|
The
Reiver
The Border revier, in modern terms, could be described as a small-holder
or gentleman farmer, but he was also a professional cattle rustler.
He was a fighting man, a guerrilla soldier of great resource to
whom the arts of theft, raid, tracking and ambush were second nature.
He
was also often a gangster organised on highly professional lines,
who had perfected the protection racket three centuries before Chicago
was built. The border reivier came from every class, and from both
sides of the England/Scotland border.
The
Border country
The Border country was divided for administrative purposed into
three Marches - East, Middle and West - with a boundary for the
English and Scottish side of each March. Each of the six marches
had a governing officer known as a Warden, appointed by their respective
governments.
The
warden's duties were to defend the frontier against invasion from
the opposite realm in wartime, and in peace to put down crime and
co-operate with the Wardens across the Border for the maintenance
of law and order. The wardens tended to be either locals or too
far from home to be accountable and the majority were susceptible
to corruption.
With
reckless thieving and violence, keeping the peace seemed a hopeless
task and corruption and adversity was rife. Only the English warden's
complaints have survived in the records. They describe the place
as "ungovernable".
In
one memorandum of 1579 a warden attempted to list the reasons for
the increasing deterioration of the English Marches.
It lists:
Private English feuds
Scottish spoils
The long peace, which led to the neglect of horses and weapons
Dishonest Scottish wardens
and blackmail
The
debatable land
The debatable land was an area 20 miles long by 8 miles wide between
the realms of Scotland and England that belonged to neither crown.
In practice it was a no mans land, with its own 'laws', which in
practice, were virtually impossible to impose.
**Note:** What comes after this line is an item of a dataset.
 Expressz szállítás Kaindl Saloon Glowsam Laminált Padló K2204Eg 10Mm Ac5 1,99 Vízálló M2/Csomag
The clans who lived
there were notoriously mercurial in their political allegiances
and the debatable land was known to be "English at its pleasure
and Scottish at its will".
The
border clans were outsiders in every sense of the word. By their
lawlessness but also socially and politically. The people who lived
in this area were detached from the crown realms of England and
Scotland. As a result they were a mercurial lot, who would change
their allegiance between countries to suit their own ends and swap
alliances between clans within the border territories if it would
provide dividends.
Scot
pillaged Scot, Englishman robbed Englishman just as readily as they
raided across the border frontier. Feuds were just as deadly between
families on the same side of the border as those from opposite sides.